**WHAT IS REQUIRED:**
Write out each record exactly as given, but do not include the pictures.

**DATA TO PROCESS:**
┌──
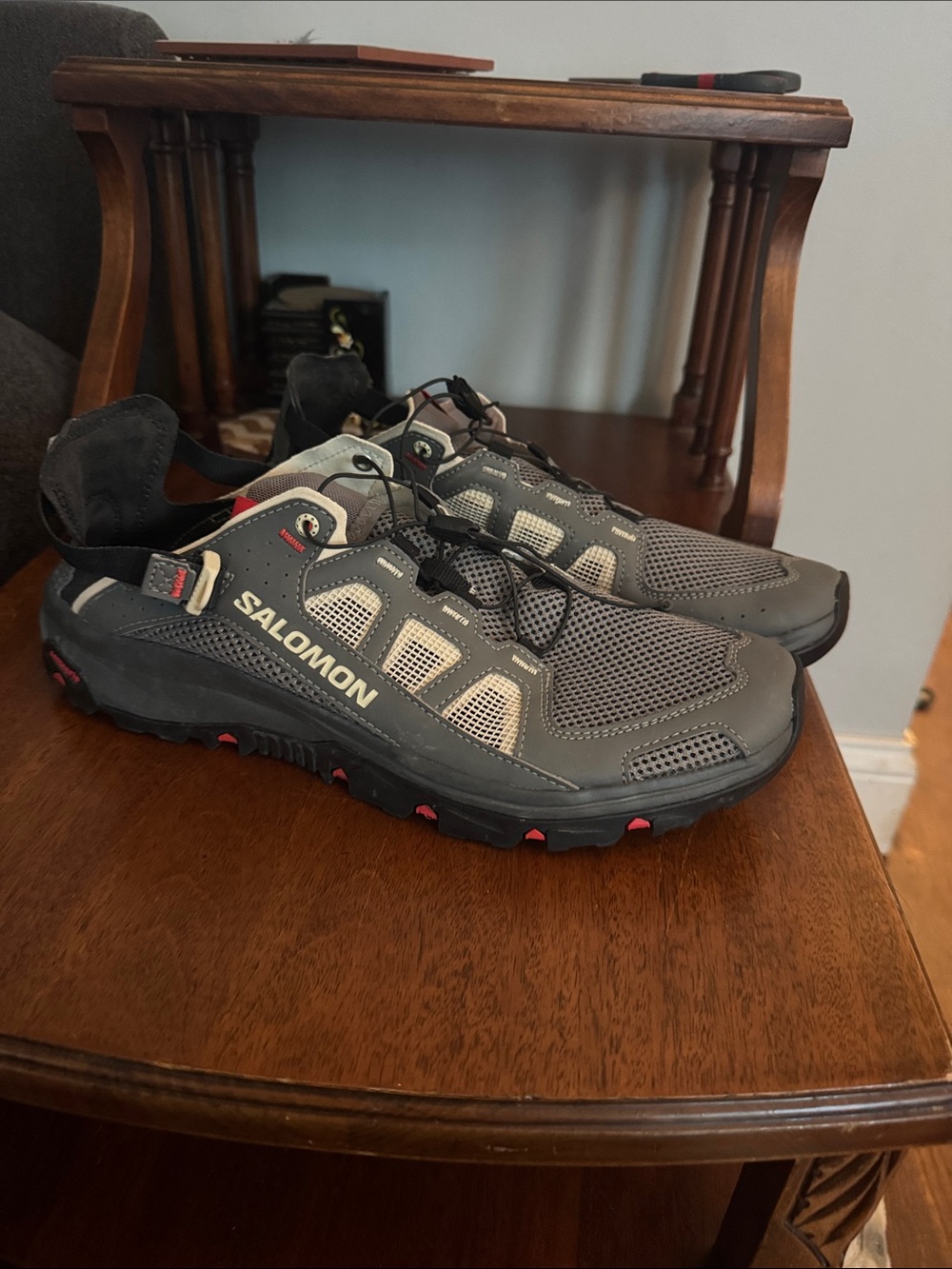 Salomon Techamphibian 5 Water Hiking Shoe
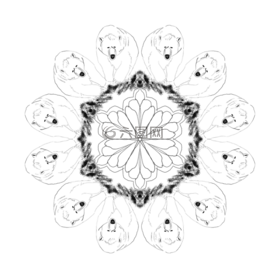 曼陀羅,熊,性質(zhì)
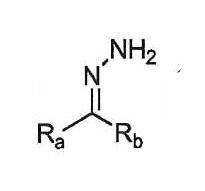 Figure 0007095041000019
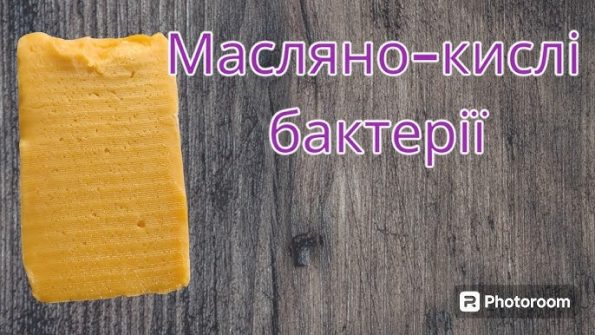 Масляно-кислі бактерії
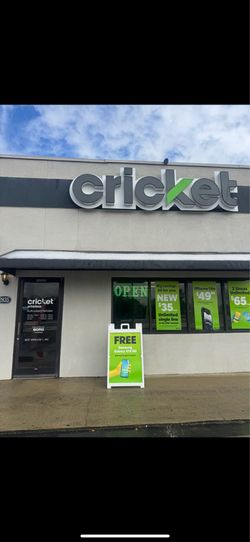 Cricket in Sanford 🍀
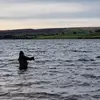 danscarr7 - @danscarr7 - TikTok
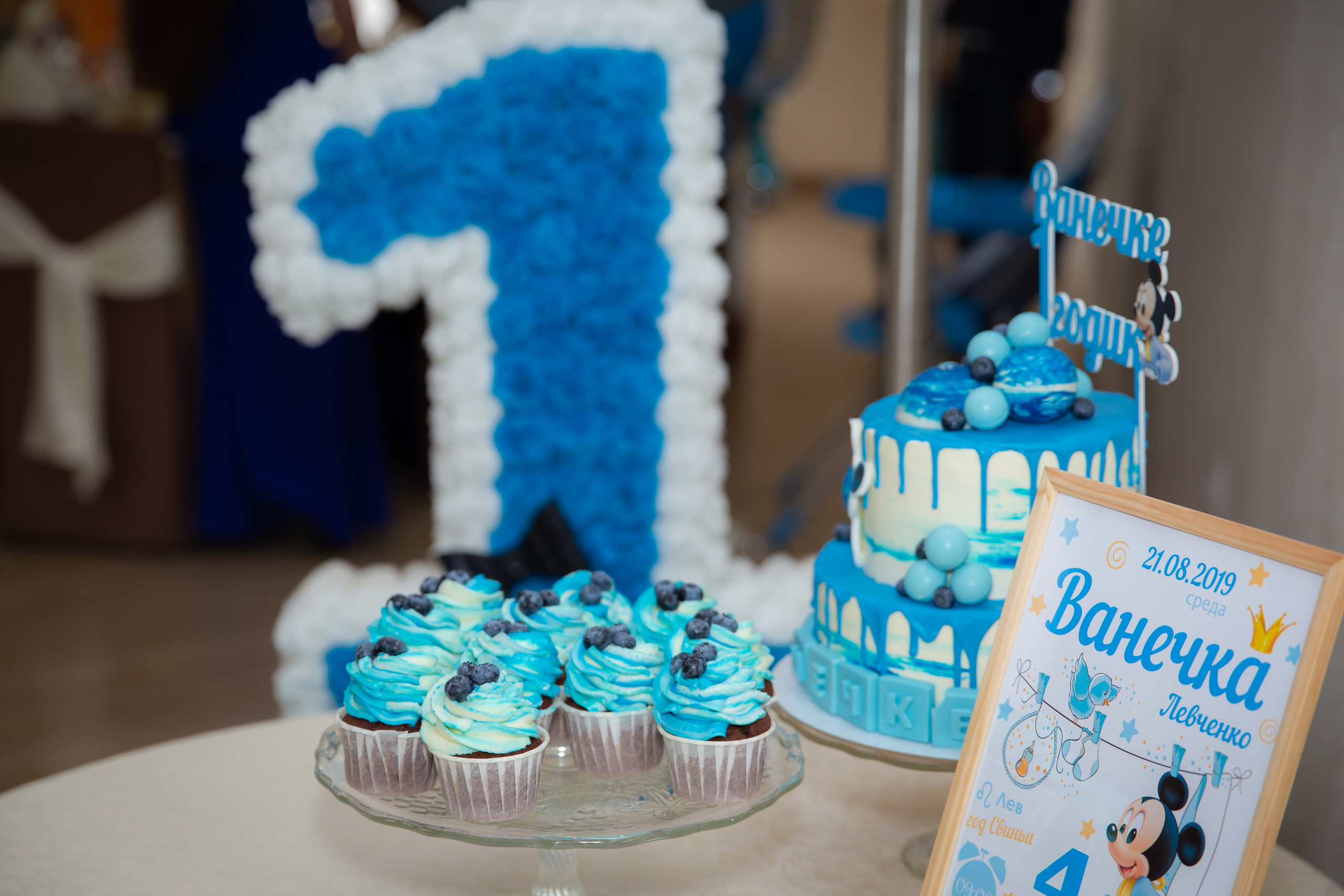 День рождения Ванечки 1 год. Фотограф Любава Колесник. Выпускные альбомы в Крымском районе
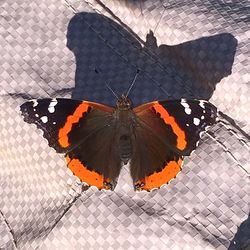 Close-up of butterfly on leaf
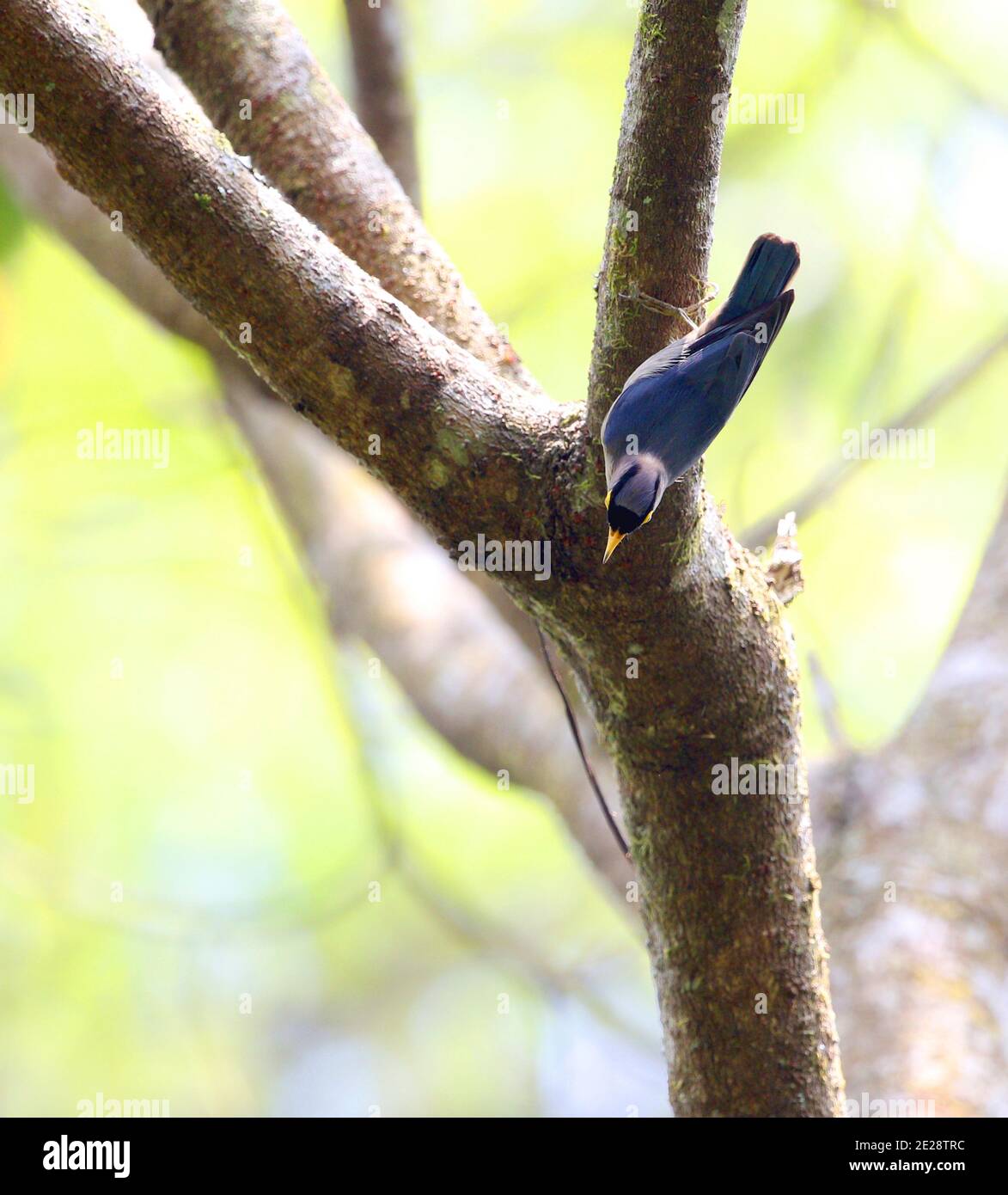 lilac nuthatch (Sitta solangiae), clinging on a branch in a tropical rain forest, Vietnam, Mang Den Stock Photo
└──
**ANSWER FOR THIS EXERCISE:**
 Salomon Techamphibian 5 Water Hiking Shoe
 曼陀羅,熊,性質(zhì)
 Figure 0007095041000019
 Масляно-кислі бактерії
 Cricket in Sanford 🍀
 danscarr7 - @danscarr7 - TikTok
 День рождения Ванечки 1 год. Фотограф Любава Колесник. Выпускные альбомы в Крымском районе
 Close-up of butterfly on leaf
 lilac nuthatch (Sitta solangiae), clinging on a branch in a tropical rain forest, Vietnam, Mang Den Stock Photo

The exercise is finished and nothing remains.